• Required work: Nothing but the lines from the one containing "300 mm Bopla" to the end of the data should be copied, exactly, and the pictures stay out.

• Data shown:
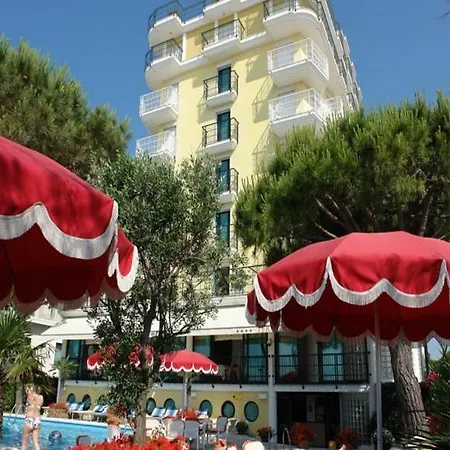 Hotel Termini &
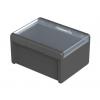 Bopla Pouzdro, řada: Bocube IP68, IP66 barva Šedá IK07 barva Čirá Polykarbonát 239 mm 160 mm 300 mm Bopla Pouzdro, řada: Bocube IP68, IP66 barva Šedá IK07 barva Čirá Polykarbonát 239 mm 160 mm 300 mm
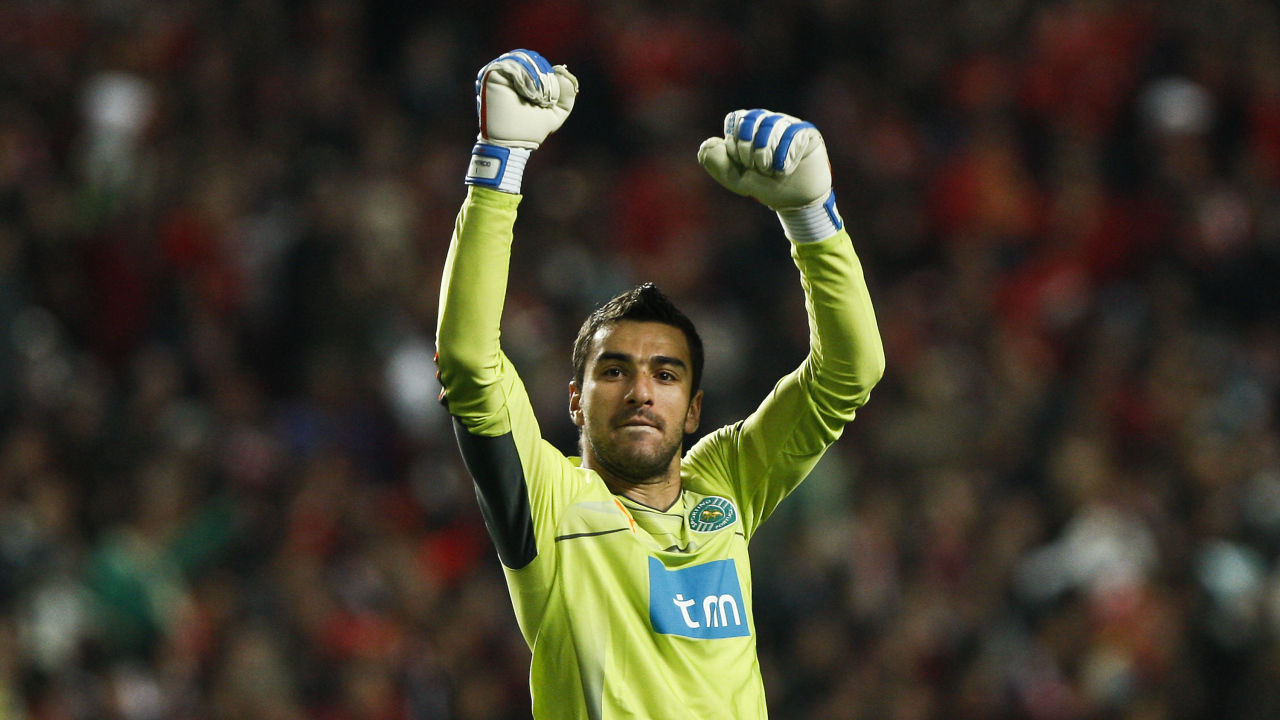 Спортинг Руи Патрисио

• Solution:
 Bopla Pouzdro, řada: Bocube IP68, IP66 barva Šedá IK07 barva Čirá Polykarbonát 239 mm 160 mm 300 mm Bopla Pouzdro, řada: Bocube IP68, IP66 barva Šedá IK07 barva Čirá Polykarbonát 239 mm 160 mm 300 mm
 Спортинг Руи Патрисио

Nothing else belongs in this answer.